My reward over the past couple of days has been rereading Sorcery and Cecelia in preparation for reading The Grand Tour. I have also been thinking about openings. One of the things I wanted to do was take a look at a few books that others might have read and loved, to track hooks and nets: hook being the obvious one, some image, sentence, or idea that snatches you right into the story.
Hooks are tough, and they don’t always work, obviously. I recall talking this over with a friend a year or so back. We both pulled out books and read hooks to one another. Our tastes sometimes overlapped, but not as often as we’d expected-even in the same book. I remember her saying “Here’s one that simply has to grab you!” and reading the opening line of a mystery, which described vividly a dead woman floating down a river in the middle of a big city. I had to tell her that that was an instant turn-off for me, wuss that I am.
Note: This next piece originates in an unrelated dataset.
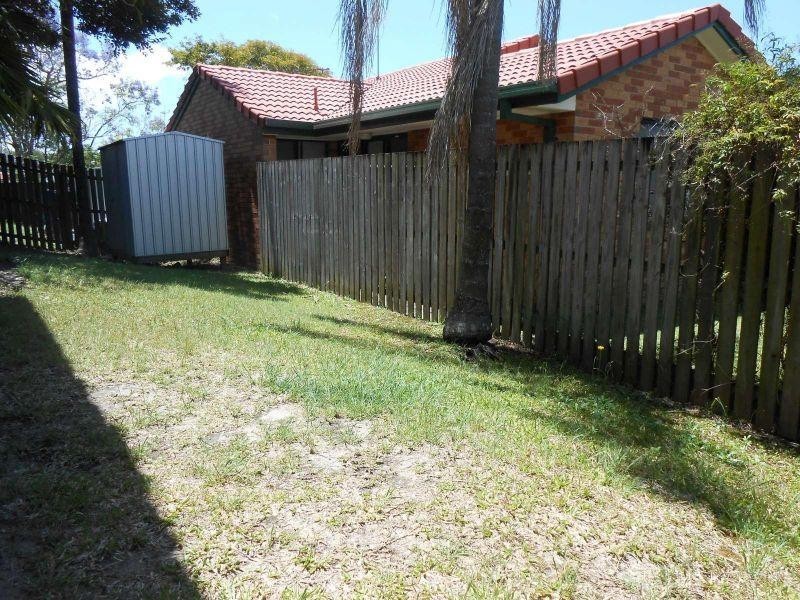 9 Willunga Place, Merrimac QLD 4226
Over the years I’ve read essays by various great writers and critics who said that the opening line of Pride and Prejudice was a hook for them. It never was for me. P&P’s opening chapter (it’s only two and a half pages long) was a net. I love that term ‘net.’ The image I got from
rysmiel’s nifty comment a couple of posts ago was of a net weaving itself around me, strand by strand, until one thread weaves them all together with a snap, pulling me into the world of the book. The strands of the net in P&P was the humorous exchange of the opening scene, Mrs. Bennet’s silliness countered by her husband’s jokes; the snap was the line in which he says that the mysterious Mr. Bingley might like her better than any of her five daughters.
Does anyone want to examine openings of specific books more closely? In case, here’s my take on Sorcery and Cecelia
This book netted me securely by the third page-its opening letter being about the same length as the opening chapter in P&P. When I first opened it, I was charmed to find an epistolary novel. How many of those had I seen outside of the nineteenth century ones? Not many. When I was thirteen, a friend and I wrote four of them, bang, bang, bang, bang, in code so no grownups would nose and make fun of them. They were all historical novels, the first sort of a generic Past (in which there are horses, swords, and our heroines get to have long hair and long dresses), the second set in the American Revolution, the third in the French Revolution, and the fourth during the 1660s somewhere in the Lowlands, where we figured we could create a tiny kingdom. Why did we set it then? One of the strongest draws were those mighty wigs people wore, wigs just begging for being fished up by heroines from the heads of villains. Hey, we were thirteen.
So here’s a letter novel, and the contract with the reader within the first paragraph offers humor, character, and a sunny alternate Regency England in which the Corn Laws do not exist, there are no children dying in mineshafts at age six, or relatives vanishing in Spitalfields, to reappear (had anyone known it) as the main ingredient of street-sellers’ pork pies. In other words, a romance, with humor, with character, all presented in lovely clothes.
The net spins securely around me, the snap being the lines at the top of page three And there may be more excitement to come. Sir Hilary Bedrick has just been named to the Royal College of Wizards . . .
Romance, humor, and magic! Netted! I’m out of this world and into that one-I cannot stop reading until I reach the end.